Datasets

You can find a a selection of datasets maintained by us on the following pages. All data is only for research purposes, unless stated differently. Please make sure to reference the authors properly when using the data.

ACDC: The Adverse Conditions Dataset with Correspondences for Semantic Driving Scene Understanding

ACDC is a large-scale driving dataset for training and testing semantic segmentation algorithms on adverse visual conditions. It comprises a large set of 4006 images which are evenly distributed between fog, nighttime, rain, and snow. Each adverse-condition image comes with a high-quality fine pixel-level semantic annotation, a corresponding image of the same scene taken under normal conditions and a binary mask that distinguishes between intra-image regions of clear and uncertain semantic content. A benchmark suite and evaluation server is provided for the two tasks that are supported by ACDC: standard semantic segmentation and uncertainty-aware semantic segmentation. ACDC serves as a test bed both for supervised semantic segmentation and unsupervised domain adaptation, especially in the normal-to-adverse adaptation setting. Information, dataset and benchmarks for ACDC

Related publications: Christos Sakaridis, Dengxin Dai, and Luc Van Gool. "external page ACDC: The Adverse Conditions Dataset with Correspondences for Semantic Driving Scene Understanding"
arXiv e-prints, abs/2104.13395, April 2021

GeoZurich: Street-side dataset of the city of Zurich

The dataset, named CVL GeoZurich 2018, consists of about 3 million high-quality images, spanning 70 km in the drive-able street network of Zurich. It consists of a rigid 16 camera setup with 4 stereo pairs and 8 additional view points.This dataset is not available for the public. CVL members can get further information here:
Information, download and code for GeoZurich 2018

AirZurich: Aerial imagery dataset of the city of Zurich

The dataset, named CVL AirZurich 2018, consists of about 830 high-quality aerial images, spanning across the city of Zurich. It consists of GPS-registered flyover path and 16-bit RGB TIFF images. This dataset is not available for the public. CVL members can get further information here: Information, download and code for AirZurich 2018

DAVIS: Densely Annotated VIdeo Segmentation 2017

The dataset, named DAVIS 2017 (Densely Annotated VIdeo Segmentation), consists of 150 high quality video sequences, spanning multiple occurrences of common video object segmentation challenges such as occlusions, motion-blur and appearance changes.

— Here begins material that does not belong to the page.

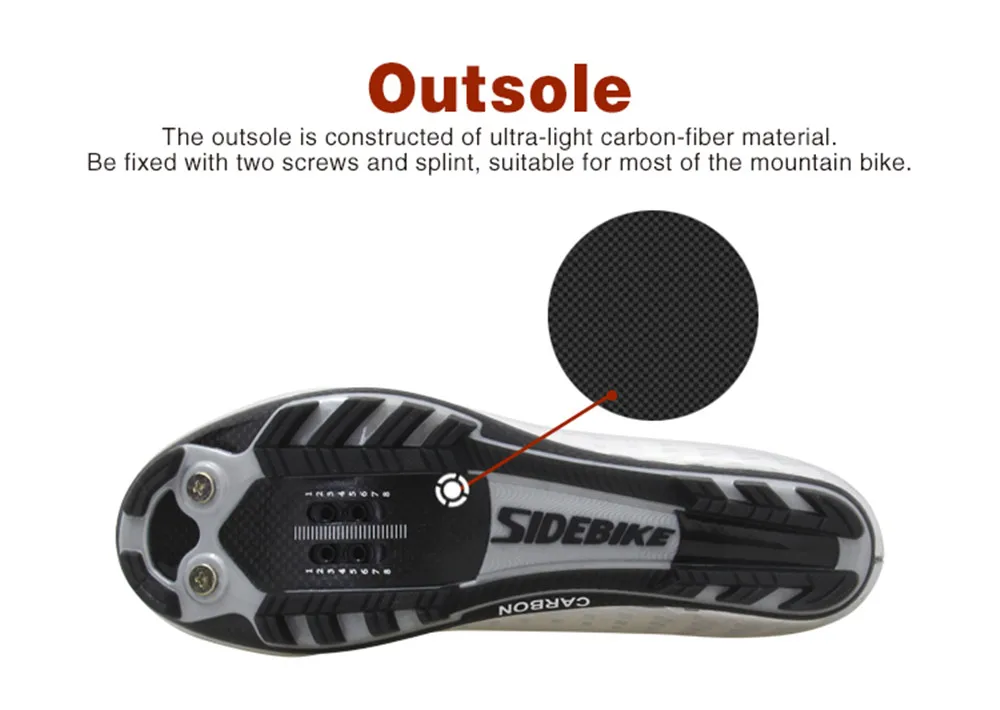 Sidebike велосипедная обувь sapatilha ciclismo mtb Carbon Auto-lock Ультралегкая Мужская обувь для езды на горном велосипеде Zapatillas Ciclismo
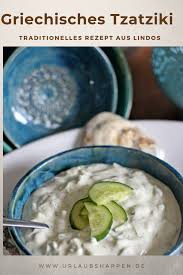 Griechisches Tzatziki Ein Traditionelles Rezept Aus Lindos Urlaubshappen Rezept Rezepte Regionale Kuche Lebensmittel Essen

Each video is accompanied by densely annotated, pixel-accurate and per-frame ground truth segmentation of multiple objects.
external page Information, download and evaluation code of DAVIS 2017

Related publications:
J. Pont-Tuset, F. Perazzi, S. Caelles, P. Arbeláez, A. Sorkine-Hornung, and L. Van Gool , "external page The 2017 DAVIS Challenge on Video Object Segmentation", arXiv:1704.00675, 2017

DAVIS: Densely Annotated VIdeo Segmentation 2016

The dataset, named DAVIS 2016 (Densely Annotated VIdeo Segmentation), consists of fifty high quality, Full HD video sequences, spanning multiple occurrences of common video object segmentation challenges such as occlusions, motion-blur and appearance changes. Each video is accompanied by densely annotated, pixel-accurate and per-frame ground truth segmentation of a single object.
external page Information, download and evaluation code of DAVIS 2016

Related publications:
F. Perazzi, J. Pont-Tuset, B. McWilliams, L. Van Gool, M. Gross, and A. Sorkine-Hornung , "external page A Benchmark Dataset and Evaluation Methodology for Video Object Segmentation", CVPR, 2016.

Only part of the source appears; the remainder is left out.